Alignment of Performance and Quality Measures to Mission Statement
Health facilities worldwide are mostly driven by the need to offer effective treatment strategies that will improve patient outcomes. This broad goal is underlined in the mission statements, visions, and strategic plans of these organizations. Performance and quality measures are therefore aligned to the mission statements and strategic plans of health facilities by virtue of the fact that they seek to improve processes and procedures that will ensure effective treatment strategies and promote positive patient outcomes. Positive performance and quality measures therefore imply that the health facility is succeeding in providing good-quality healthcare (Hughes, 2008), thus succeeding in meeting their mission statements. The vision of Pine Breeze hospital is to provide efficient cost-effective clinical services to all people. As such, the measures discussed in this paper are aligned with this vision statement since they are interested in shaping the processes that will enable the health facility to provide efficient cost-effective services.

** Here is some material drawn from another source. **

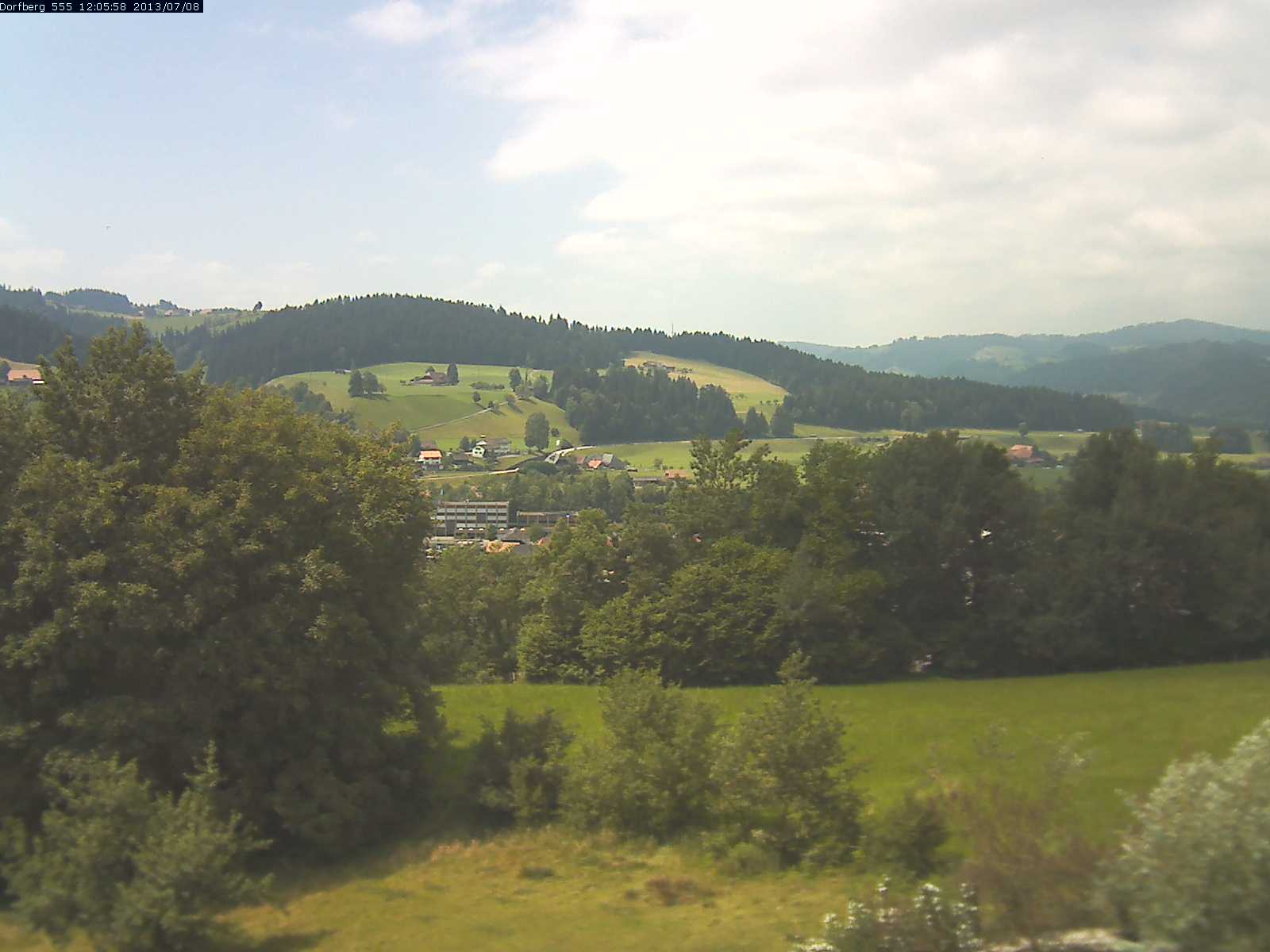 Webcam-Bild: Aussicht vom Dorfberg in Langnau 20130708-120600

Davies, N.L. (2007). Integrating performance improvement and continuing medical education. Almanac, 29(6).
Hughes, R.G. (2008). Tools and strategies for quality improvement and patient safety. In R.G. Hughes (Eds) Patient safety and quality: An evidence-based handbook for nurses. AHRQ. Web.
Ortiz, E., & Clancy, C.M. (2003). Use of information technology to improve the quality of healthcare in the United States. Health Services Research, 38(2), 11-22. Web.
Sittig, D.F., & Stead, W.W. (1994). Computer-based physician order entry: The state of the art. Journal of the American Medical Informatics Association, 1(2), 108-123.